**EXERCISE GOAL:** Give the records again exactly, with every character kept.

Segment Start: INFORMATION SHOWN

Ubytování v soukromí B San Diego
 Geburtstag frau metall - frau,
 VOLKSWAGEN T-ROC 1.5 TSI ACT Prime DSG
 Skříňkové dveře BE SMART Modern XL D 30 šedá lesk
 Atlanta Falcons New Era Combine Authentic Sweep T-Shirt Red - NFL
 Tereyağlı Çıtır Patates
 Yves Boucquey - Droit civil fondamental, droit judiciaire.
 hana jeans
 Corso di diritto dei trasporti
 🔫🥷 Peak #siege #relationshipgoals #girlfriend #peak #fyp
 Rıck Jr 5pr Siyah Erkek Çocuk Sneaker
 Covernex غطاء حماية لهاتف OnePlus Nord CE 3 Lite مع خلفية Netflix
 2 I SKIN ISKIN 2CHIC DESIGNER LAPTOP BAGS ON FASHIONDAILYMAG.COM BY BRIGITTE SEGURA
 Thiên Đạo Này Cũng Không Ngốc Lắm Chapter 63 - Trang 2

Segment End: INFORMATION SHOWN

**SOLVED PROBLEM:**
Ubytování v soukromí B San Diego
 Geburtstag frau metall - frau,
 VOLKSWAGEN T-ROC 1.5 TSI ACT Prime DSG
 Skříňkové dveře BE SMART Modern XL D 30 šedá lesk
 Atlanta Falcons New Era Combine Authentic Sweep T-Shirt Red - NFL
 Tereyağlı Çıtır Patates
 Yves Boucquey - Droit civil fondamental, droit judiciaire.
 hana jeans
 Corso di diritto dei trasporti
 🔫🥷 Peak #siege #relationshipgoals #girlfriend #peak #fyp
 Rıck Jr 5pr Siyah Erkek Çocuk Sneaker
 Covernex غطاء حماية لهاتف OnePlus Nord CE 3 Lite مع خلفية Netflix
 2 I SKIN ISKIN 2CHIC DESIGNER LAPTOP BAGS ON FASHIONDAILYMAG.COM BY BRIGITTE SEGURA
 Thiên Đạo Này Cũng Không Ngốc Lắm Chapter 63 - Trang 2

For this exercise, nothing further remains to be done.